Lynette’s journey connects with members of the audience all on their own journeys into self-discovery and self-reliance (no matter how fragile). Those journeys are not always pleasant and often accompany us into the same dark places Lynette’s significant other “never needed to go into.” But, as Lynette knows, those dark places are “still parts of [us]” and probably “the best parts.”

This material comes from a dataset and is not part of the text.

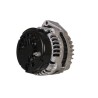 Alternateur 12-14V 145A - A878522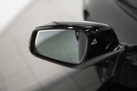 BMW 330D F34 258ZS GRAN TURISMO X-DRIVE M-SPORTPAKET HARMAN/KARDON DRIVING ASSIST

Ultimately, the type of journey Lynette experiences in her reflective grief is redemptive and salvific. It feeds. It nourishes. Before the performance begins, the audience is “fed” Vanilla Wafers, one for each member served in a small plastic cup. At the performance’s close Lynette herself serves the self-same wafers to the front row of the audience. This time, however, these “wafers” are those of the Eucharist, the redemptive body of Lynette’s death and resurrection. As she passes priest-like, one can almost hear her say, “Take, eat, in remembrance of my journey given for you.” Shocking? Hopefully. Brilliant? Without the slightest doubt.
Go see this significant gem of a performance. Risk being fed. Perhaps you will never again fear the music (whatever that is for you) that prevents you from joining in and dancing the dance of existence. At least one Manhattan Mystery has been solved.
CAST: Michael Howard (The Man); Natalie Leonard (Lynette, age 60); Jessica Pohlman (Lynette, age 26); Mariah Ilardi- Lowy (Lynette, age 16); Gates Loren Leonard (Lynette, age 8); and Julie Nelson (The Voice of Lynette).
PRODUCTION TEAM: Made by Monk Parrots. Luke Leonard (Director and Production Designer); David Todd (Playwright); Shaun Patrick Tubbs (Associate Director); Eric Nightengale (Lighting Designer and Technical Director); Jennifer Skura (Costume Designer); and John Harmon (Light Operator).
HERE I GO is at 59E59 Theaters (59 East 59th Street, between Madison and Park Avenues).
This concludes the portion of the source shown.